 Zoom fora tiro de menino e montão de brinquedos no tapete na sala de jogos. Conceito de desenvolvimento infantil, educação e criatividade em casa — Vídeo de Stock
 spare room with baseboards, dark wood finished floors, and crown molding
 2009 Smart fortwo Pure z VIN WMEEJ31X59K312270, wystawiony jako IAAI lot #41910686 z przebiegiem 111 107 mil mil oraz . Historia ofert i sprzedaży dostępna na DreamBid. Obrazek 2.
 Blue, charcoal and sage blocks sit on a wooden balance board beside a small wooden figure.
——
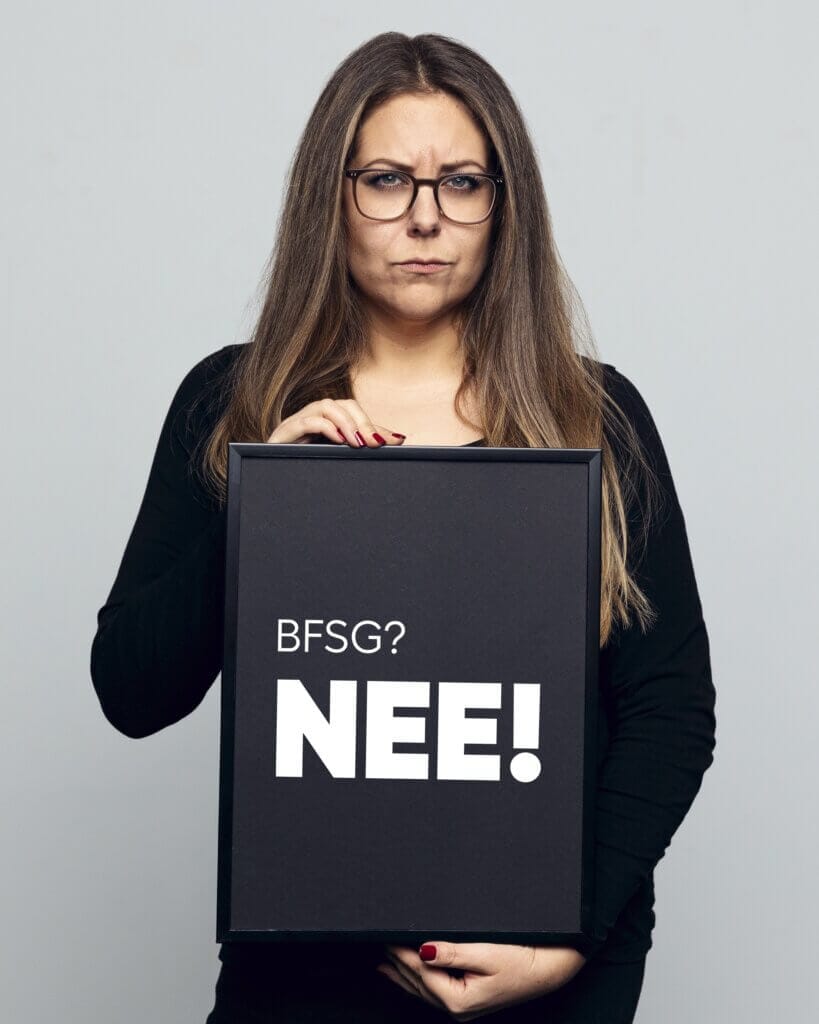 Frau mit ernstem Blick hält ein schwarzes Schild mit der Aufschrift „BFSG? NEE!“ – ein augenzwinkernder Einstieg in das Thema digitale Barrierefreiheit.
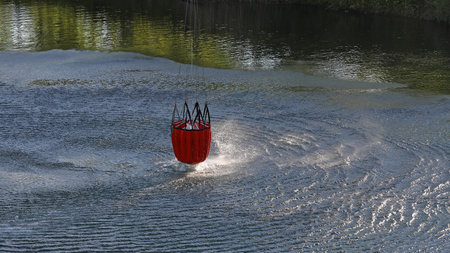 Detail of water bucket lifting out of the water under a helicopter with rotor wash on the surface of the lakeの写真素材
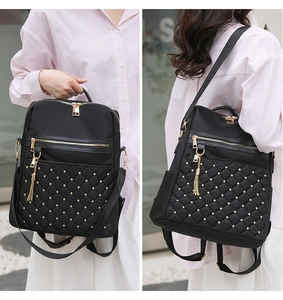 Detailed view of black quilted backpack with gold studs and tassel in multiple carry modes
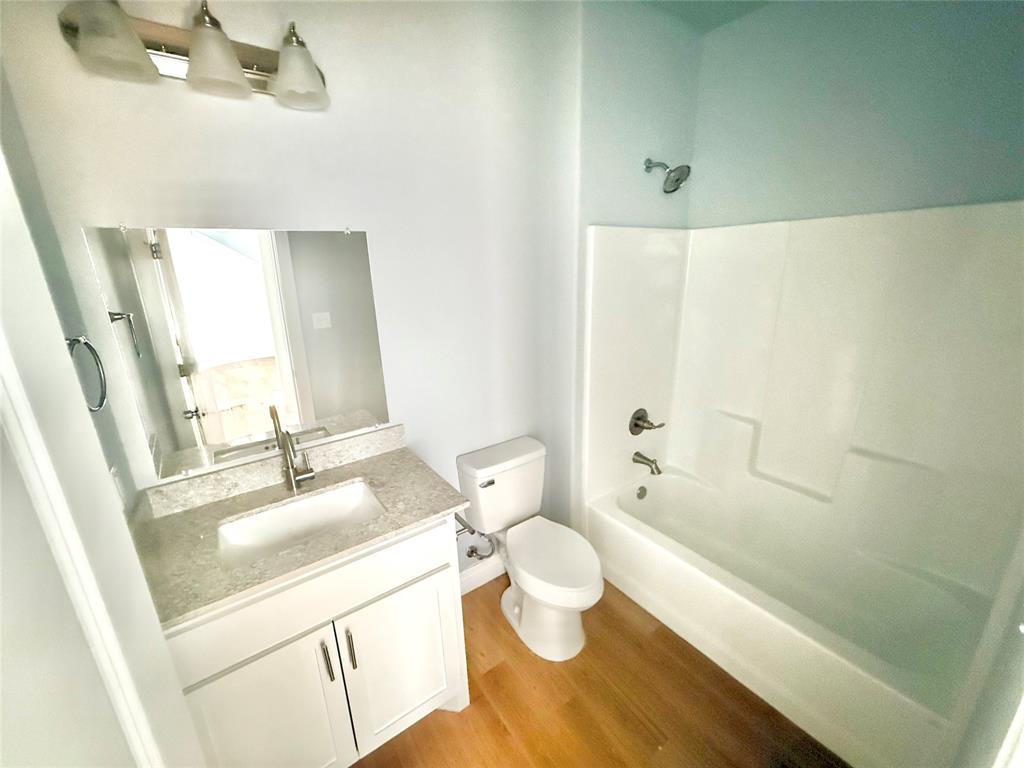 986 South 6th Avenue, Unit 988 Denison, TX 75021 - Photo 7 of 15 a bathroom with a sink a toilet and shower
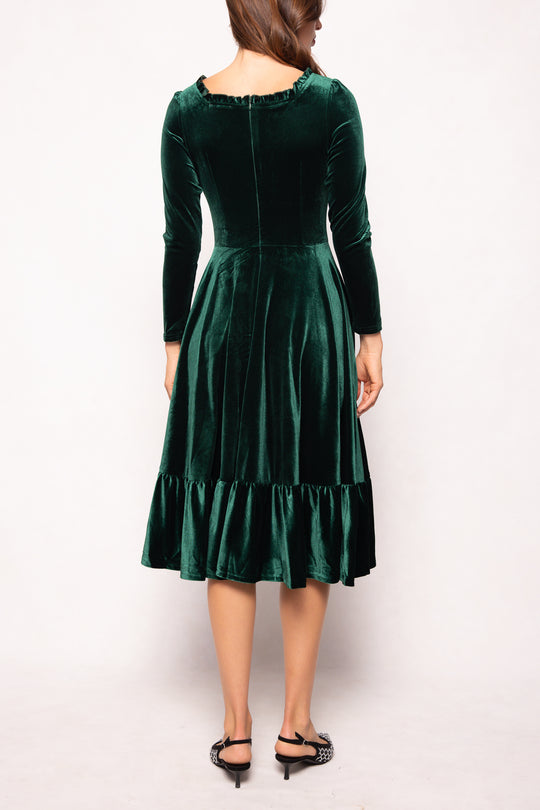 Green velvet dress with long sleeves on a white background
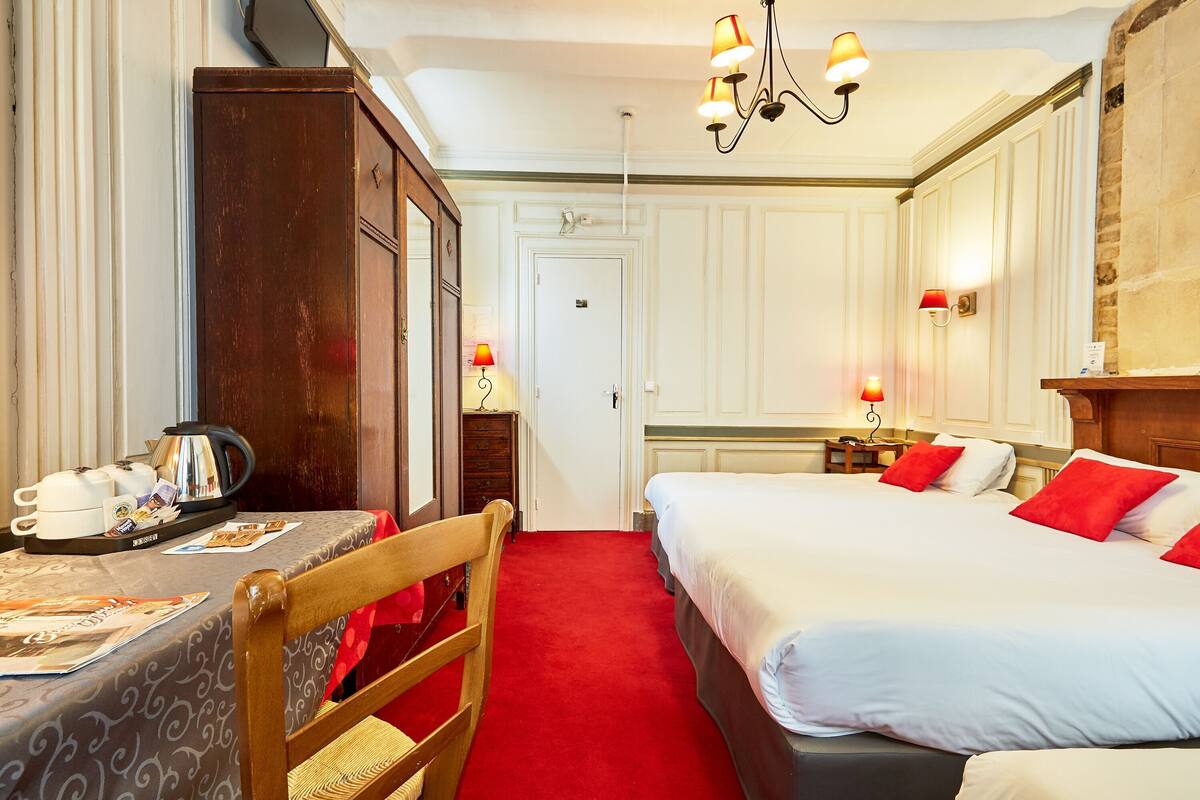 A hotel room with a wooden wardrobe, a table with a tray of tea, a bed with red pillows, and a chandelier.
——
# Prompt
Everything in the material above from the line that has "Zoom fora tiro" through the line that has "spare room with" must be duplicated exactly, with no other lines given.

# Solution for this exercise
 Zoom fora tiro de menino e montão de brinquedos no tapete na sala de jogos. Conceito de desenvolvimento infantil, educação e criatividade em casa — Vídeo de Stock
 spare room with baseboards, dark wood finished floors, and crown molding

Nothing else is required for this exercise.